Where the data below contains pictures, omit them; output the rest word for word.

§ **Data provided**:

/---

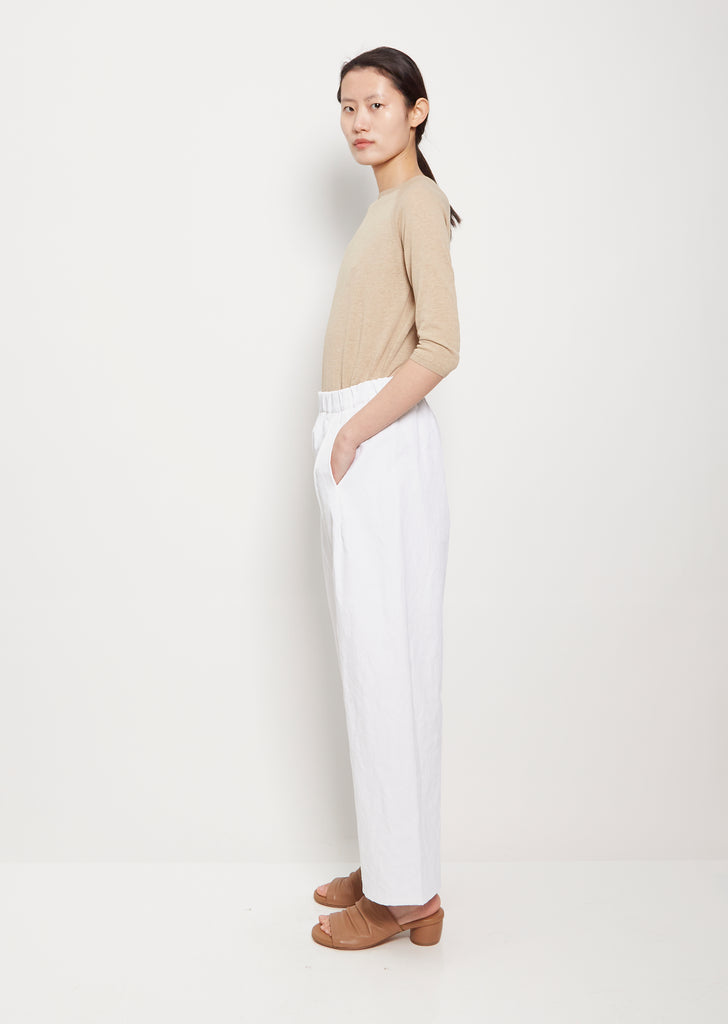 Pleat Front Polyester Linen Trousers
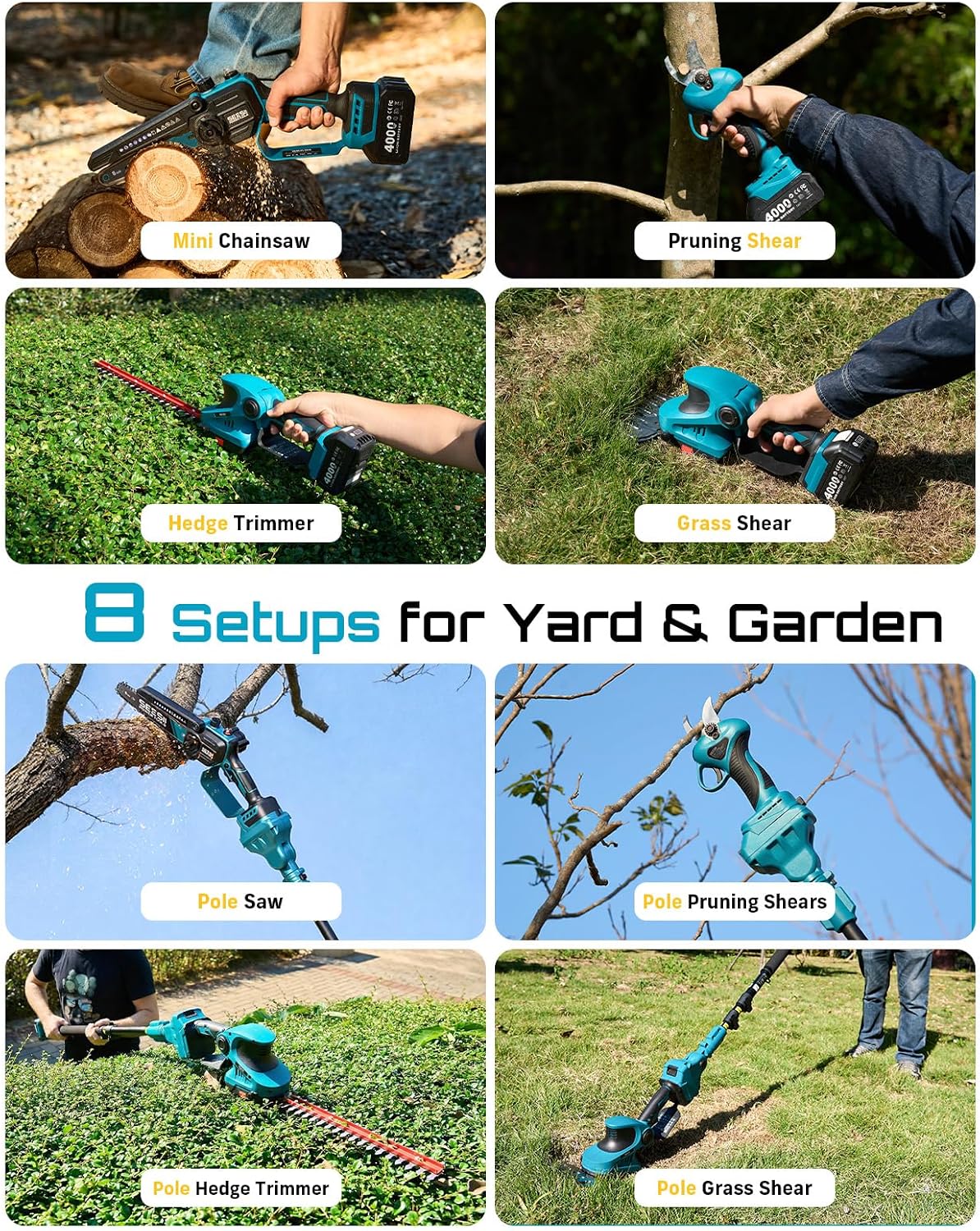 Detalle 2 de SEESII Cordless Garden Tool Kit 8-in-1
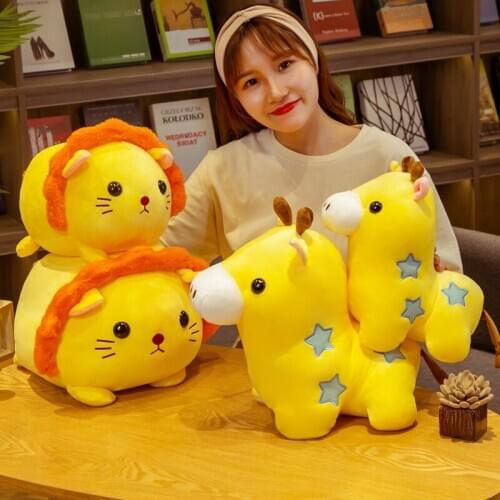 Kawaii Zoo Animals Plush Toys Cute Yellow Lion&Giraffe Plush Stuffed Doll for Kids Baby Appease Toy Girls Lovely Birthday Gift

\---

§ **Result of the exercise**:
 Pleat Front Polyester Linen Trousers
 Detalle 2 de SEESII Cordless Garden Tool Kit 8-in-1
 Kawaii Zoo Animals Plush Toys Cute Yellow Lion&Giraffe Plush Stuffed Doll for Kids Baby Appease Toy Girls Lovely Birthday Gift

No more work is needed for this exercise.